Experts agree that giving kids an allowance can teach them a number of skills that will serve them well in adulthood. But only if the allowance has the right expectations and parameters.

Here’s how to begin:

Once kids know how to add and subtract, you can give them an allowance

Money lessons can start as early as kindergarten or first grade – whenever your child learns how to add and subtract. Once children can do this basic math, they’ll have a better sense of how much money they’re actually spending or saving. 

Decide which expenses your child will now be responsible for

An important way to make allowance a tool for learning is to give your child expenses they’re responsible for. 

For little kids it doesn’t have to be much – toys, art and craft supplies, Legos, or books. Basically, anything that isn’t an essential purchase your child can be expected to pay for. 

As kids get older, they can take on more essential expenses such as clothing, data plans, or gas for the car. 

Be sure to discuss this expectation with your children before beginning allowance. It can be helpful to have it written in a contract so no one forgets the agreement.

Decide how much your child will receive and when

Once you’ve determined which expenses your child will now manage, you can determine how much money he or she should receive.
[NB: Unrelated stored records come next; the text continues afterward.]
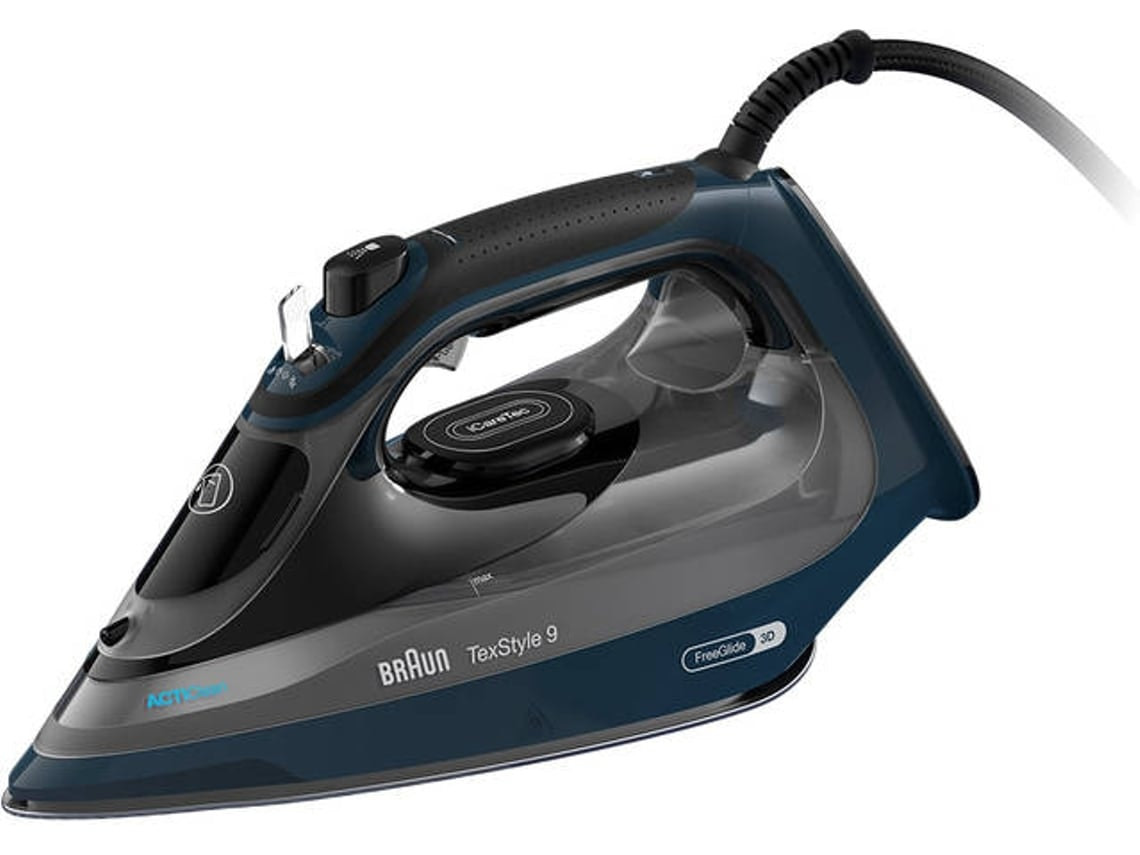 TexStyle 9 SI9682DB steam iron - 260 g/min steam boost - EloxalPlus soleplate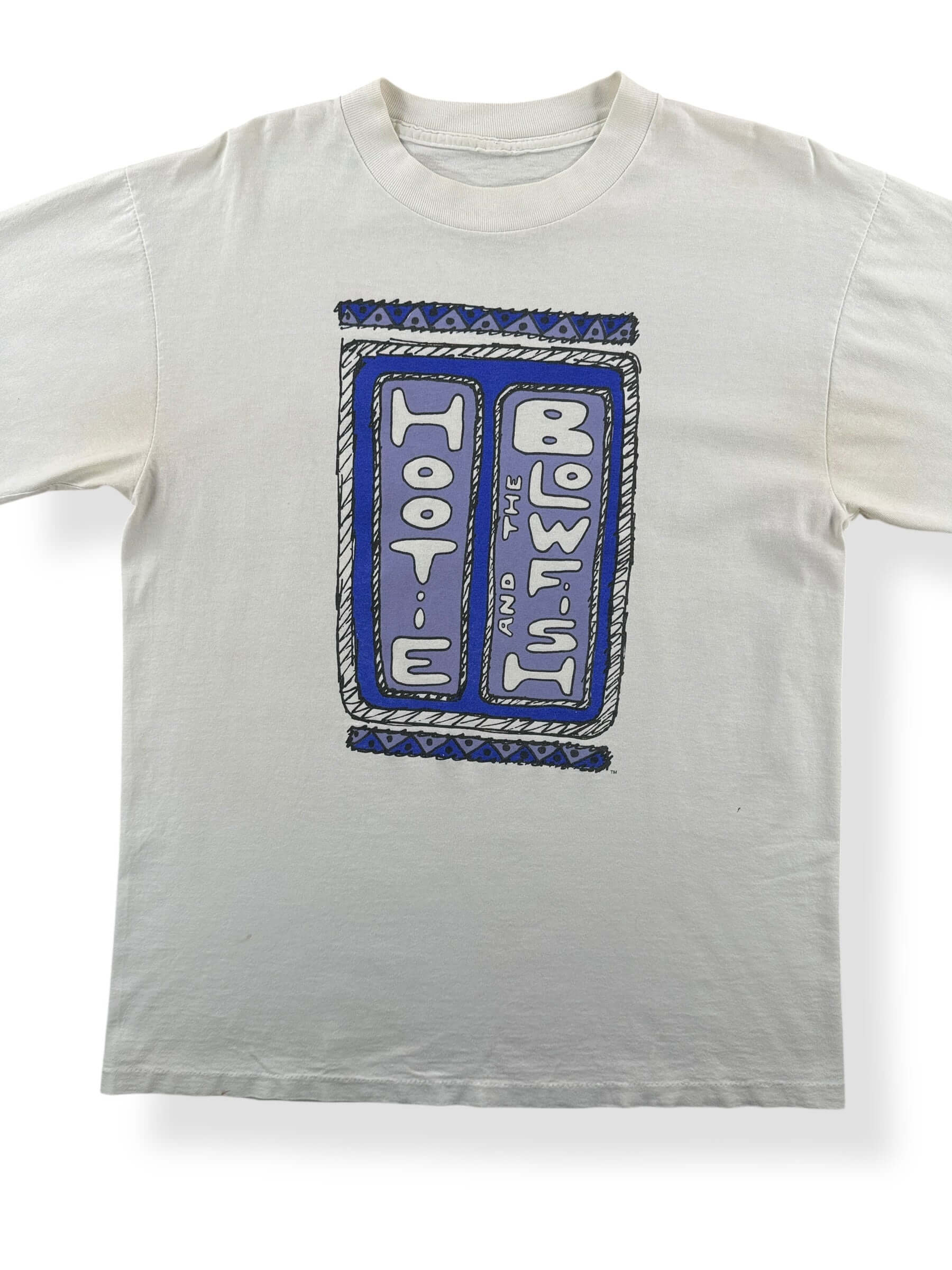 Front Close Up of Vintage Hootie and The Blowfish Tee SZ M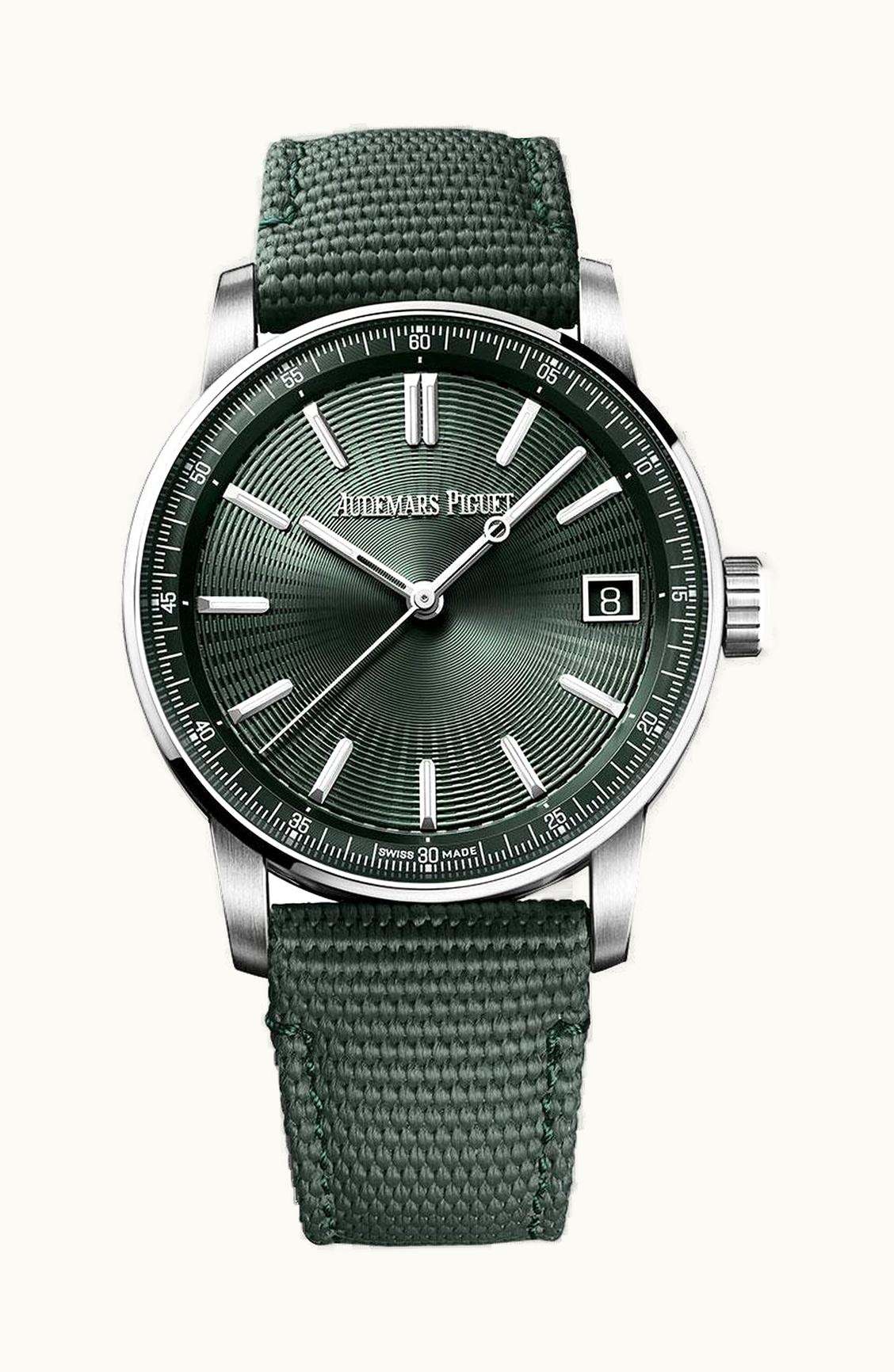 Audemars Piguet CODE 11.59 Automatic Stainless Steel / Green / Fabric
For younger kids, the amount is a little arbitrary since their purchases aren’t essential. A good rule of thumb is to give half the child’s age in dollars once a week. 

Older kids will need to have enough to reasonably cover the costs they’re now responsible for, while also having just enough for discretionary purchases like going to a movie or concert with friends. 

The idea is to give them enough that saving isn’t too difficult, but not so much that it’s easy for them to get everything they want. 

Write out a contract with your kids

You’ve heard of the contract parents create with their kids to set expectations for screen use. It can be helpful to also have a contract for allowance so parents and kids stay on the same page. This document can be referenced when any misunderstanding comes up regarding who is responsible for which expenses.

Start off with physical money

Most transactions are digital today, but the problem with kids only using digital money is that it’s too abstract. 

When learning math, research shows that kids learn best if they can begin with concrete examples such as counting blocks. The same is true with money. Kids will better understand money if they’re first exposed to physical currency and then move to abstract digital currency.

This means that as kids are getting started with allowance, it’s a good idea to give it to them in bills and coins. Being able to experience money as concrete also makes it clear to children that it is finite and has limits – a good frame of mind when making spending decisions. 

Separate money into “spend,” “save” and “share” jars

Giving kids an allowance is also a chance to teach them values.

For example, assuming you agree that saving and donating money is important, you can create separate jars for money that is to be spent, saved, and given away.

Then, each time you give your child their allowance, have them place your agreed-upon amount in each jar. For example, 10% in the Share jar, 20% in the Save jar, and the rest in the Spend jar.

Doing this every time they receive their allowance, kids learn that money should be saved and shared, not just spent.

The Kids Money Management Toolkit has everything you need (except money!) to begin giving your kids an allowance. In addition to guidance and advice, you’ll also receive Save, Spend, and Share jar labels, a Kids Money Ledger, a Savings Challenge Sheet, a Jobs-for-Hire Sheet, and a Kids Allowance Contract. Click here to learn more.

child looking over kids money management toolkit and spend save share jars

Don’t connect allowance with chores or good behavior

Allowance is a tool for kids to learn money management. If it’s tied chores or good behavior, it can diminish the learning experience for kids.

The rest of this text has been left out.